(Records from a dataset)
::::

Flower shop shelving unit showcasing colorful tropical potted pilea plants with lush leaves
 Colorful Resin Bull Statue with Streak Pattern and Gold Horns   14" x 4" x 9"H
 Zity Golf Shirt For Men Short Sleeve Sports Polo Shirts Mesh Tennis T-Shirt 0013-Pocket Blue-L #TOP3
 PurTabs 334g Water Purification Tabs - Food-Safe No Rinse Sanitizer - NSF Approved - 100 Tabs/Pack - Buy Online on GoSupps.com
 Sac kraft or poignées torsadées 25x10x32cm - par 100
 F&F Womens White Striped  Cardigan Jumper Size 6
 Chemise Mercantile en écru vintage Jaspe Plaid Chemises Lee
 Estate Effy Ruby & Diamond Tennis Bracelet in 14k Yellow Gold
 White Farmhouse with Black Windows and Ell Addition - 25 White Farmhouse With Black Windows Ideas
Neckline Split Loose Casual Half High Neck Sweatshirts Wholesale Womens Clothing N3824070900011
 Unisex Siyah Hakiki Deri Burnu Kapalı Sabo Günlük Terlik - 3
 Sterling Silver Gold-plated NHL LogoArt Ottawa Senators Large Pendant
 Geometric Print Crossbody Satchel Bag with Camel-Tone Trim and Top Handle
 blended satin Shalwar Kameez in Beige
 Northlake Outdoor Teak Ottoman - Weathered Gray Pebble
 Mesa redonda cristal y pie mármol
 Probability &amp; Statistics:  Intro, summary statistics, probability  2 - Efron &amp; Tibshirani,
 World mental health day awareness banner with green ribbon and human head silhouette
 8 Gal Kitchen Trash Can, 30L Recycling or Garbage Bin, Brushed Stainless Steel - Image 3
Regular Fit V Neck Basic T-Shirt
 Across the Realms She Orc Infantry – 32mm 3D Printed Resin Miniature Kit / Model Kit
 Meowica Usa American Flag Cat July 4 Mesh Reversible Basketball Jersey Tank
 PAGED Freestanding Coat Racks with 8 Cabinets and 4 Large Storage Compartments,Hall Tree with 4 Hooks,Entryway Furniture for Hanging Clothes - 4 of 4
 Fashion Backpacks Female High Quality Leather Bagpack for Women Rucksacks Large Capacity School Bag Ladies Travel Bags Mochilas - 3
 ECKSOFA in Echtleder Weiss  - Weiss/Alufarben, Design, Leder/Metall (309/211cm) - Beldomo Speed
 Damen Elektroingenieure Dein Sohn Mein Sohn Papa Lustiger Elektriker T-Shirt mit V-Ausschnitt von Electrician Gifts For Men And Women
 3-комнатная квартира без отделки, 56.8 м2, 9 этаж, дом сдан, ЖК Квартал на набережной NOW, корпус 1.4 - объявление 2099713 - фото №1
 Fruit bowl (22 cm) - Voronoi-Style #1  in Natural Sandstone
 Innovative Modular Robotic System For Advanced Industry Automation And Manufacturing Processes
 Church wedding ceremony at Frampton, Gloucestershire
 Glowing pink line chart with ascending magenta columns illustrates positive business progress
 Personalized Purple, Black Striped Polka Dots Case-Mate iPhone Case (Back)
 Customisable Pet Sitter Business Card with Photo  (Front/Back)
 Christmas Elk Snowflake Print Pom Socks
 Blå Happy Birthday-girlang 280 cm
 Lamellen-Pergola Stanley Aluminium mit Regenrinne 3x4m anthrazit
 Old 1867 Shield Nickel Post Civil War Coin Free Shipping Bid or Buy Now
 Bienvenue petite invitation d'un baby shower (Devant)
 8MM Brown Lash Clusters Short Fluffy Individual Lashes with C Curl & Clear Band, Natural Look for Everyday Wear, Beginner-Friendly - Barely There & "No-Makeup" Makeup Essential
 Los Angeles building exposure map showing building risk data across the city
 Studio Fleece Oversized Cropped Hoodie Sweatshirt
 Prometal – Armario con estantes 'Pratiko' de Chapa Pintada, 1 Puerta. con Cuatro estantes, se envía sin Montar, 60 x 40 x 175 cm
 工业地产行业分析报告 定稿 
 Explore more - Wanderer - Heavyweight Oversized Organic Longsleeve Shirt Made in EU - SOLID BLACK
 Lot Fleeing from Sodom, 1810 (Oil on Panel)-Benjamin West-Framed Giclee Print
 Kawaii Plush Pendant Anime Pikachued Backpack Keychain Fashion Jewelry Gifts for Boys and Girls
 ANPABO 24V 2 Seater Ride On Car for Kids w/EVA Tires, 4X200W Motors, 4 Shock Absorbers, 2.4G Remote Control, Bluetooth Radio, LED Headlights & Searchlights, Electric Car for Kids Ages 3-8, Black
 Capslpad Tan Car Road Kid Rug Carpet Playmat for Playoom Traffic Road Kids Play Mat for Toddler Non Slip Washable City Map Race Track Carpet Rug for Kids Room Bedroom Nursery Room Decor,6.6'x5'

::::

Work order: Please print the data above exactly as it appears.

Finished task:
Flower shop shelving unit showcasing colorful tropical potted pilea plants with lush leaves
 Colorful Resin Bull Statue with Streak Pattern and Gold Horns   14" x 4" x 9"H
 Zity Golf Shirt For Men Short Sleeve Sports Polo Shirts Mesh Tennis T-Shirt 0013-Pocket Blue-L #TOP3
 PurTabs 334g Water Purification Tabs - Food-Safe No Rinse Sanitizer - NSF Approved - 100 Tabs/Pack - Buy Online on GoSupps.com
 Sac kraft or poignées torsadées 25x10x32cm - par 100
 F&F Womens White Striped  Cardigan Jumper Size 6
 Chemise Mercantile en écru vintage Jaspe Plaid Chemises Lee
 Estate Effy Ruby & Diamond Tennis Bracelet in 14k Yellow Gold
 White Farmhouse with Black Windows and Ell Addition - 25 White Farmhouse With Black Windows Ideas
Neckline Split Loose Casual Half High Neck Sweatshirts Wholesale Womens Clothing N3824070900011
 Unisex Siyah Hakiki Deri Burnu Kapalı Sabo Günlük Terlik - 3
 Sterling Silver Gold-plated NHL LogoArt Ottawa Senators Large Pendant
 Geometric Print Crossbody Satchel Bag with Camel-Tone Trim and Top Handle
 blended satin Shalwar Kameez in Beige
 Northlake Outdoor Teak Ottoman - Weathered Gray Pebble
 Mesa redonda cristal y pie mármol
 Probability &amp; Statistics:  Intro, summary statistics, probability  2 - Efron &amp; Tibshirani,
 World mental health day awareness banner with green ribbon and human head silhouette
 8 Gal Kitchen Trash Can, 30L Recycling or Garbage Bin, Brushed Stainless Steel - Image 3
Regular Fit V Neck Basic T-Shirt
 Across the Realms She Orc Infantry – 32mm 3D Printed Resin Miniature Kit / Model Kit
 Meowica Usa American Flag Cat July 4 Mesh Reversible Basketball Jersey Tank
 PAGED Freestanding Coat Racks with 8 Cabinets and 4 Large Storage Compartments,Hall Tree with 4 Hooks,Entryway Furniture for Hanging Clothes - 4 of 4
 Fashion Backpacks Female High Quality Leather Bagpack for Women Rucksacks Large Capacity School Bag Ladies Travel Bags Mochilas - 3
 ECKSOFA in Echtleder Weiss  - Weiss/Alufarben, Design, Leder/Metall (309/211cm) - Beldomo Speed
 Damen Elektroingenieure Dein Sohn Mein Sohn Papa Lustiger Elektriker T-Shirt mit V-Ausschnitt von Electrician Gifts For Men And Women
 3-комнатная квартира без отделки, 56.8 м2, 9 этаж, дом сдан, ЖК Квартал на набережной NOW, корпус 1.4 - объявление 2099713 - фото №1
 Fruit bowl (22 cm) - Voronoi-Style #1  in Natural Sandstone
 Innovative Modular Robotic System For Advanced Industry Automation And Manufacturing Processes
 Church wedding ceremony at Frampton, Gloucestershire
 Glowing pink line chart with ascending magenta columns illustrates positive business progress
 Personalized Purple, Black Striped Polka Dots Case-Mate iPhone Case (Back)
 Customisable Pet Sitter Business Card with Photo  (Front/Back)
 Christmas Elk Snowflake Print Pom Socks
 Blå Happy Birthday-girlang 280 cm
 Lamellen-Pergola Stanley Aluminium mit Regenrinne 3x4m anthrazit
 Old 1867 Shield Nickel Post Civil War Coin Free Shipping Bid or Buy Now
 Bienvenue petite invitation d'un baby shower (Devant)
 8MM Brown Lash Clusters Short Fluffy Individual Lashes with C Curl & Clear Band, Natural Look for Everyday Wear, Beginner-Friendly - Barely There & "No-Makeup" Makeup Essential
 Los Angeles building exposure map showing building risk data across the city
 Studio Fleece Oversized Cropped Hoodie Sweatshirt
 Prometal – Armario con estantes 'Pratiko' de Chapa Pintada, 1 Puerta. con Cuatro estantes, se envía sin Montar, 60 x 40 x 175 cm
 工业地产行业分析报告 定稿 
 Explore more - Wanderer - Heavyweight Oversized Organic Longsleeve Shirt Made in EU - SOLID BLACK
 Lot Fleeing from Sodom, 1810 (Oil on Panel)-Benjamin West-Framed Giclee Print
 Kawaii Plush Pendant Anime Pikachued Backpack Keychain Fashion Jewelry Gifts for Boys and Girls
 ANPABO 24V 2 Seater Ride On Car for Kids w/EVA Tires, 4X200W Motors, 4 Shock Absorbers, 2.4G Remote Control, Bluetooth Radio, LED Headlights & Searchlights, Electric Car for Kids Ages 3-8, Black
 Capslpad Tan Car Road Kid Rug Carpet Playmat for Playoom Traffic Road Kids Play Mat for Toddler Non Slip Washable City Map Race Track Carpet Rug for Kids Room Bedroom Nursery Room Decor,6.6'x5'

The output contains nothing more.